Dutzende seltener Bücher mit Ledereinband aus französischen Klöstern des Hochmittelalters sind in Robben- und Walroßhaut eingebunden, die möglicherweise sogar aus Grönland stammen, das derzeit im Fokus geopolitischer Interessen steht. Dies ergab eine Studie, die soeben in der Fachzeitschrift Royal Society Open Science veröffentlicht wurde.
Für diese Studie wurden 43 hochmittelalterliche Bände aus der Bibliothek von Clairvaux und benachbarter Zisterzienserklöster analysiert. Durch DNA- und Proteinanalysen wurde nachgewiesen, daß die Einbände aus der Haut von Robbenarten wie der Kegelrobbe, der Harpune- und der Bartrobbe bestehen, aber auch von Walrossen.

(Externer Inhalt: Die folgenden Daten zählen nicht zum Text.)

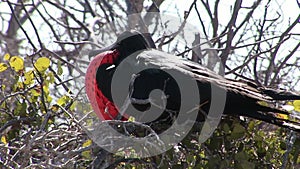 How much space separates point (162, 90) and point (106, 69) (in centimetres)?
27

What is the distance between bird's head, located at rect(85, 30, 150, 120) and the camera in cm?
242

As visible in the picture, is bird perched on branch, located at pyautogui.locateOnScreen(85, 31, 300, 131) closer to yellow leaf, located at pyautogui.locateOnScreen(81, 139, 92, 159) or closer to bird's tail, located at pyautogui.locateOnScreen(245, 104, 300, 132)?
bird's tail, located at pyautogui.locateOnScreen(245, 104, 300, 132)

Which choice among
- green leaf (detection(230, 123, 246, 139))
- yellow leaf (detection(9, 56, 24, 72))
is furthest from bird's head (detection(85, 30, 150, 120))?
green leaf (detection(230, 123, 246, 139))

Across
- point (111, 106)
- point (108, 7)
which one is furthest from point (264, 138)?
point (108, 7)

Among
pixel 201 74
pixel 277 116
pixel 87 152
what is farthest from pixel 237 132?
pixel 87 152

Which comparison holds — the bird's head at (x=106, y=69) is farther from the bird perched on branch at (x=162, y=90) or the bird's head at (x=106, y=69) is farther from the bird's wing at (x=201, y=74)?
the bird's wing at (x=201, y=74)

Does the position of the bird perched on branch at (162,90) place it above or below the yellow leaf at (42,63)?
below

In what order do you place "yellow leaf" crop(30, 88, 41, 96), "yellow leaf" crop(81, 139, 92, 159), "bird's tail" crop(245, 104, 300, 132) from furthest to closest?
"yellow leaf" crop(30, 88, 41, 96)
"bird's tail" crop(245, 104, 300, 132)
"yellow leaf" crop(81, 139, 92, 159)

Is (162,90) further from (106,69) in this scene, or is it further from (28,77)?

Da diese Tiere weder in der näheren noch weiteren Umgebung von Clairvaux heimisch sind oder waren, konnten die Wissenschaftler nachweisen, daß die verwendeten Häute aus dem hohen Norden stammten, teils von Arten, die in Skandinavien, Dänemark und Schottland heimisch sind, teils aber auch von solchen, die es in Island und Grönland sind.
Die Verwendung dieser Häute durch die Mönche in der Champagne setzt ein ausgedehntes Handelsnetz voraus, aus dem sie die nötigen Materialien beziehen konnten.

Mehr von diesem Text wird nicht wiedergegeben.